What to do
In the data below, restate exactly the lines from the one with "Hill Double Pool Villa" to the final line, both included, but not the pictures.

Dataset records
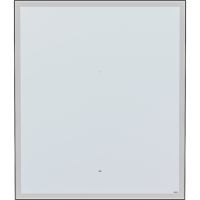 Товар: Зеркало Iddis Slide 60 SLI6000i98 с подсветкой с подогревом Черное c сенсорным выключателем и диммером - фото 2 Зеркало Iddis Slide 60 SLI6000i98 с подсветкой с подогревом Черное c сенсорным выключателем и диммером — фото 2, Зеркала в ванную комнату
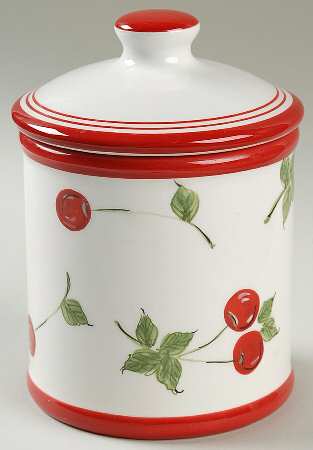 30063 Small Canister & Lid
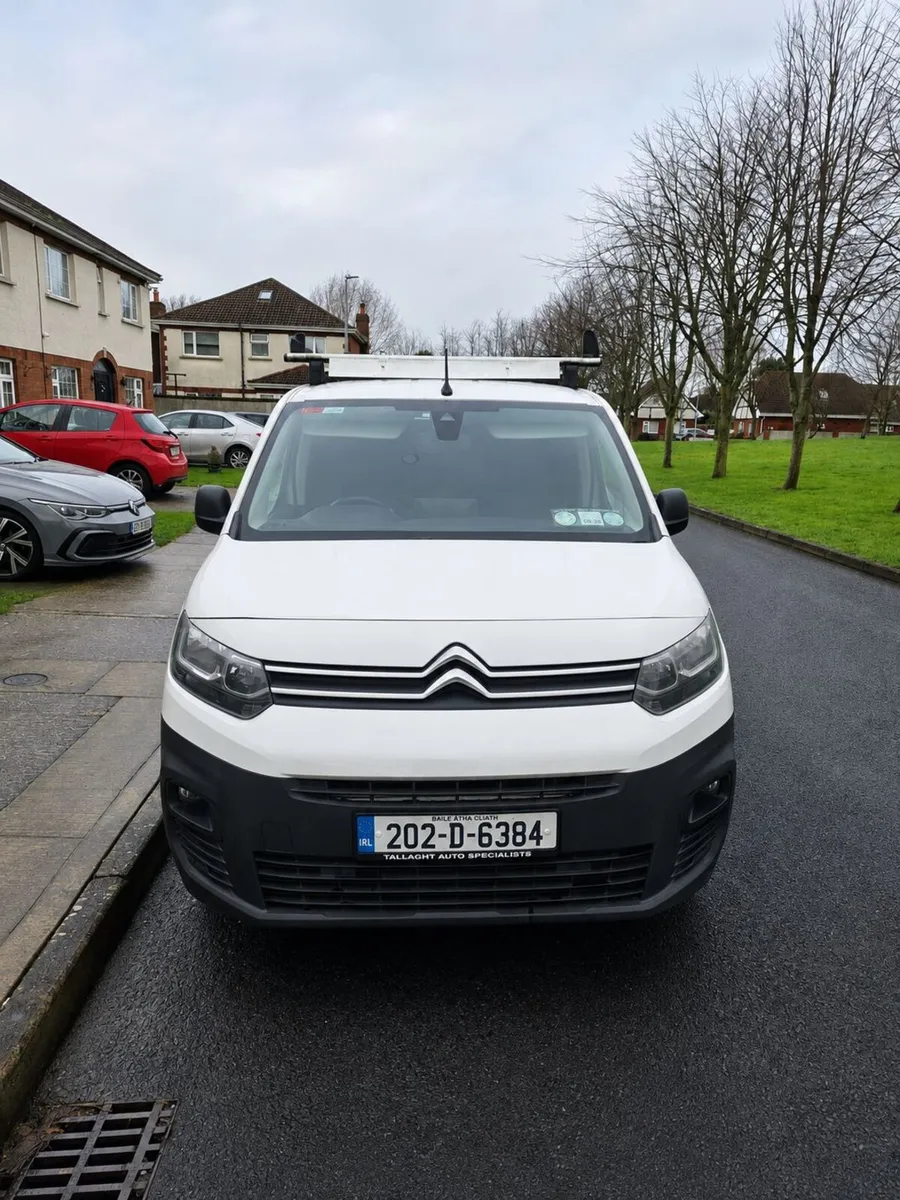 Citroen Berlingo 2020 - Image 1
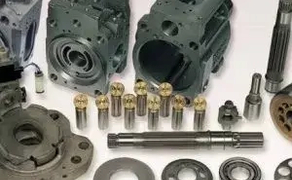 Ремонт гідронасосів Kawasaki K3V K5V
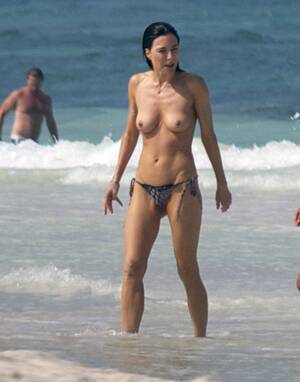 jaime murray - Jaime Murray Topless (34 Photos) | #TheFappening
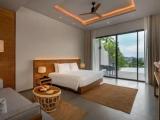 Hill Double Pool Villa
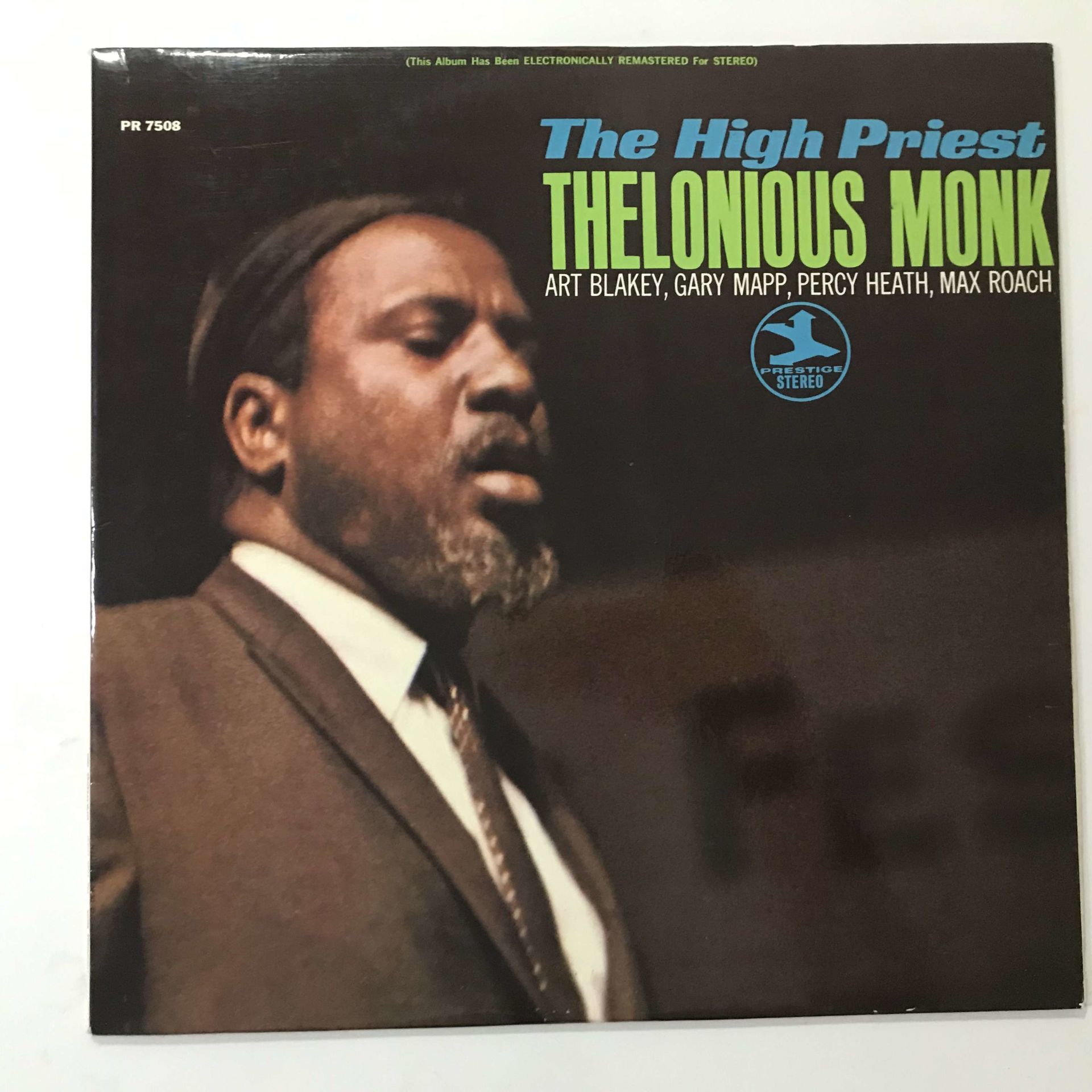 Thelonious Monk – The High Priest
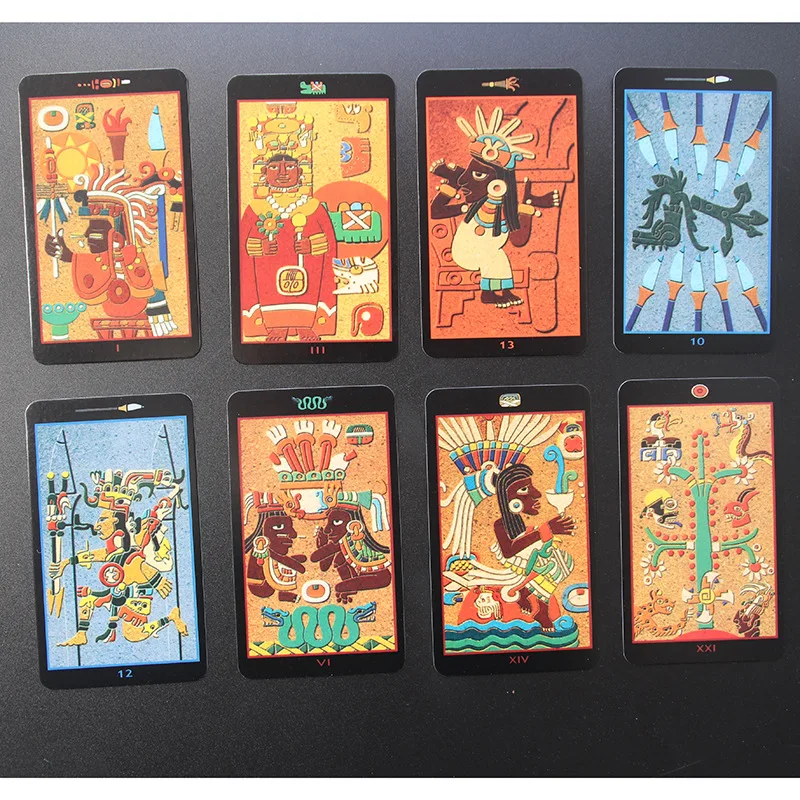 Cartes de tarot oracle russe lenormand, paquet de 78 cartes, jeu de société pour la maison, l'occultisme, guide du destin, PDF Cartes de tarot oracle russe lenormand, paquet de 78 cartes, jeu de société pour la maison, l'occultisme, guide du destin, PDF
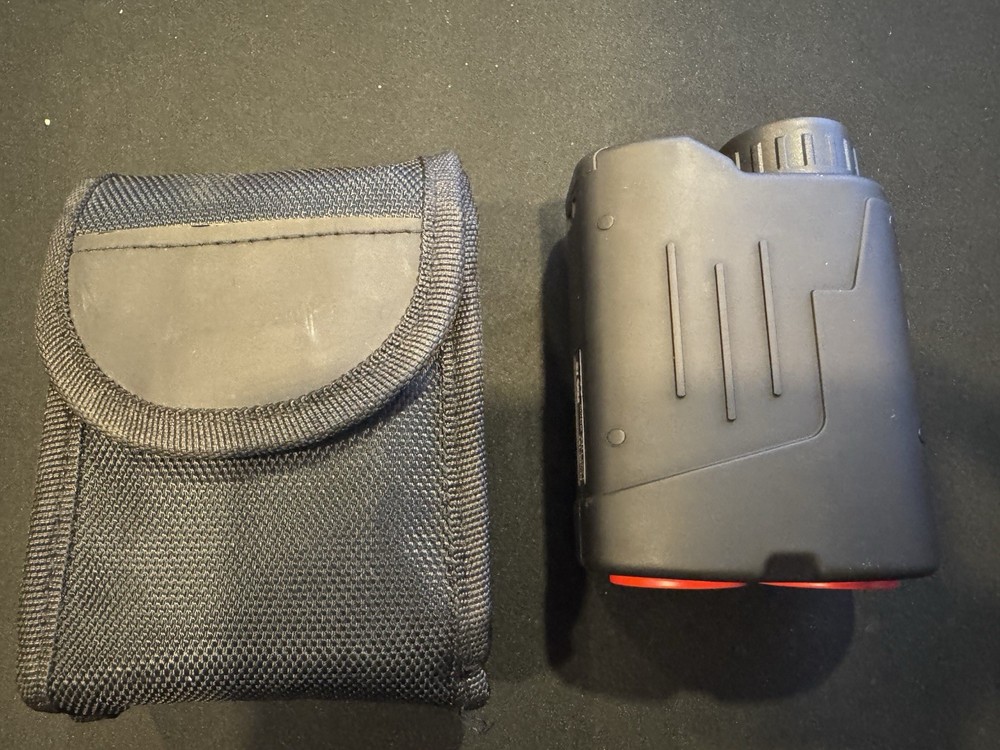 Golf Rangefinder Model 18Y WAKYME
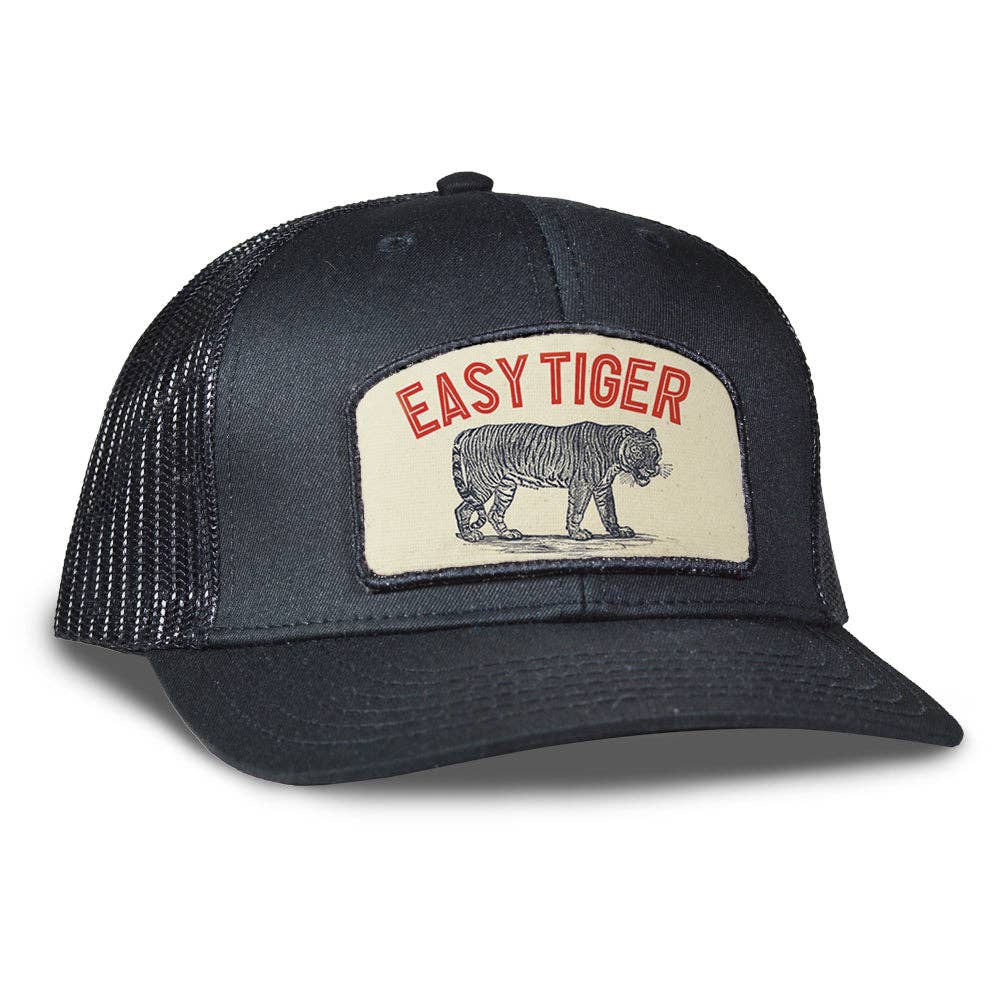 Easy Tiger - Archie Trucker Hat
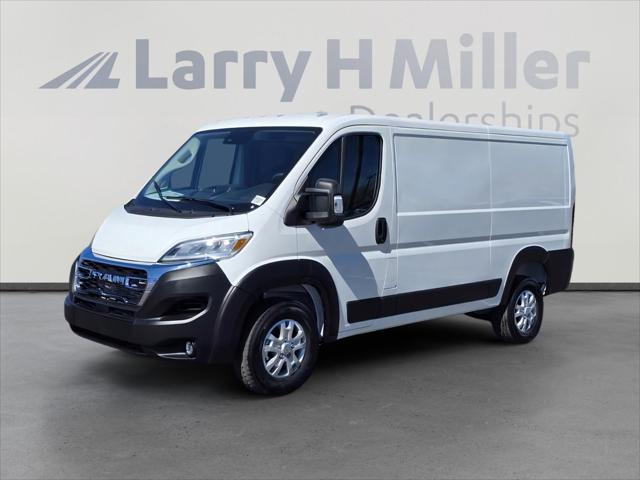 2025 RAM Promaster Cargo Van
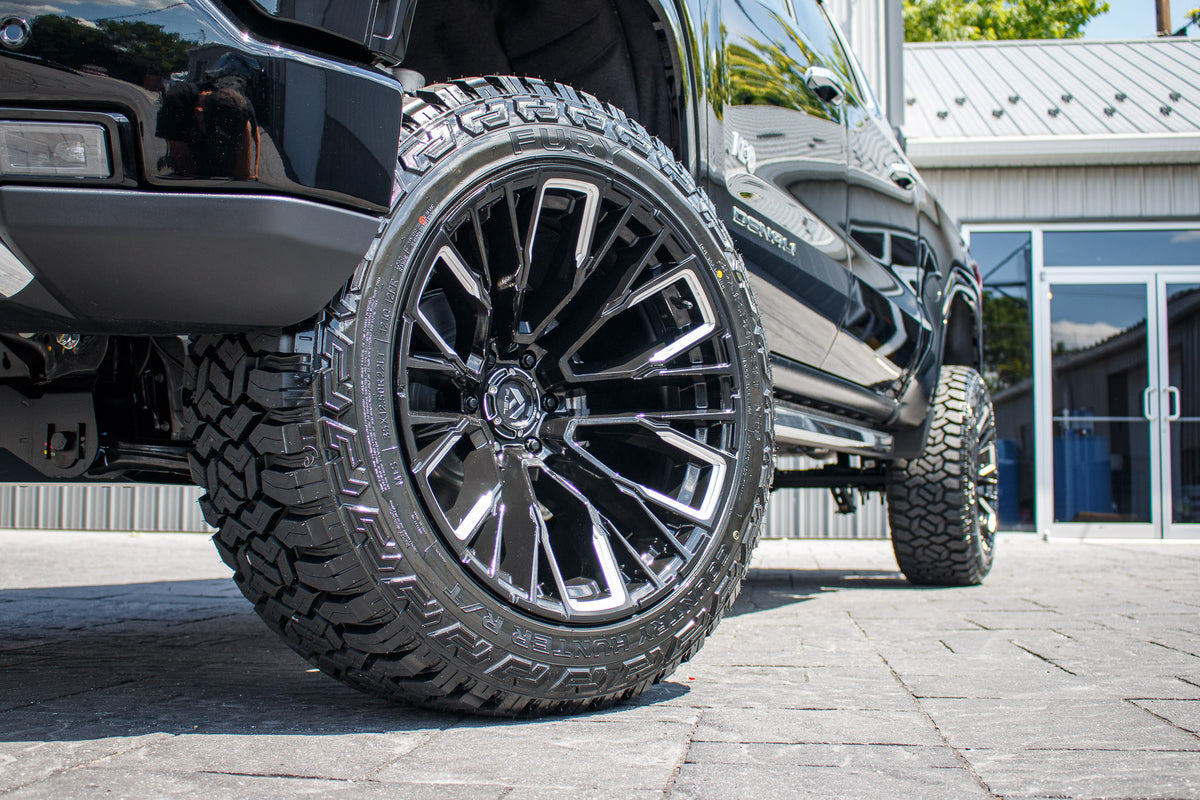 2024 GMC Sierra 1500 Denali #RG289318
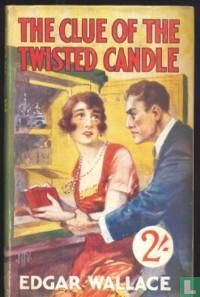 The clue of the twisted candle - Image 1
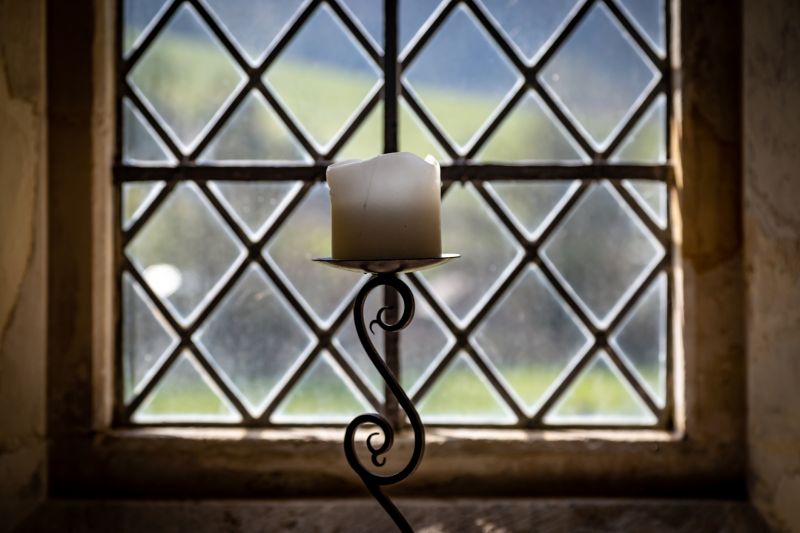 Leaded Glass Repair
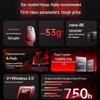 Rapoo VT2 MAX Dual 8K Wireless Gaming Mouse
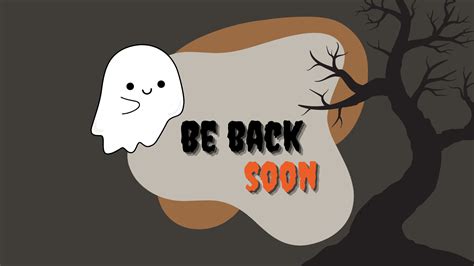 Animated Cute Halloween Aesthetic Halloween Twitch Overlays/ - Etsy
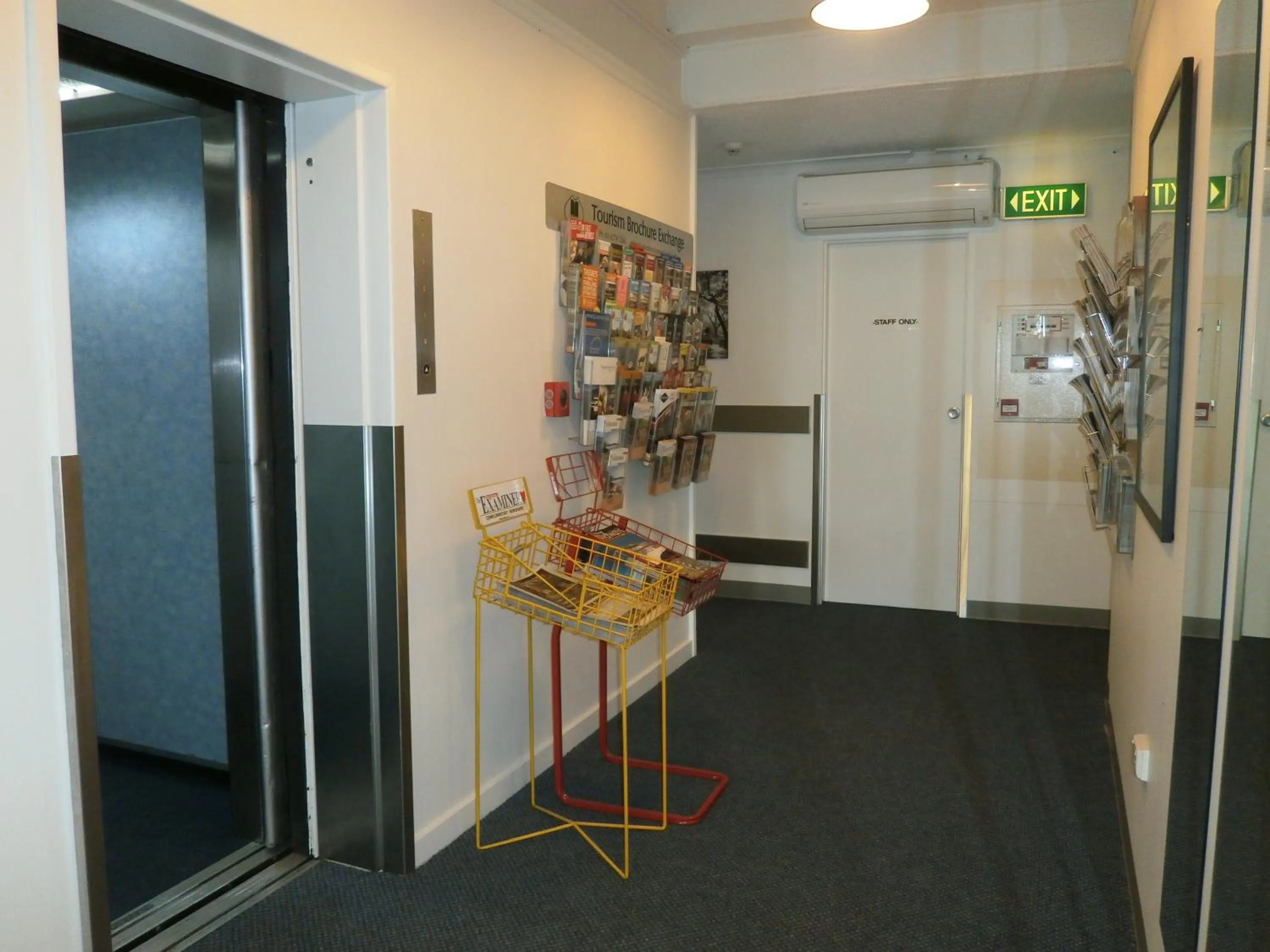 Lobby or reception in Adina Place Motel Apartments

Task response
 Hill Double Pool Villa
 Thelonious Monk – The High Priest
 Cartes de tarot oracle russe lenormand, paquet de 78 cartes, jeu de société pour la maison, l'occultisme, guide du destin, PDF Cartes de tarot oracle russe lenormand, paquet de 78 cartes, jeu de société pour la maison, l'occultisme, guide du destin, PDF
 Golf Rangefinder Model 18Y WAKYME
 Easy Tiger - Archie Trucker Hat
 2025 RAM Promaster Cargo Van
 2024 GMC Sierra 1500 Denali #RG289318
 The clue of the twisted candle - Image 1
 Leaded Glass Repair
 Rapoo VT2 MAX Dual 8K Wireless Gaming Mouse
 Animated Cute Halloween Aesthetic Halloween Twitch Overlays/ - Etsy
 Lobby or reception in Adina Place Motel Apartments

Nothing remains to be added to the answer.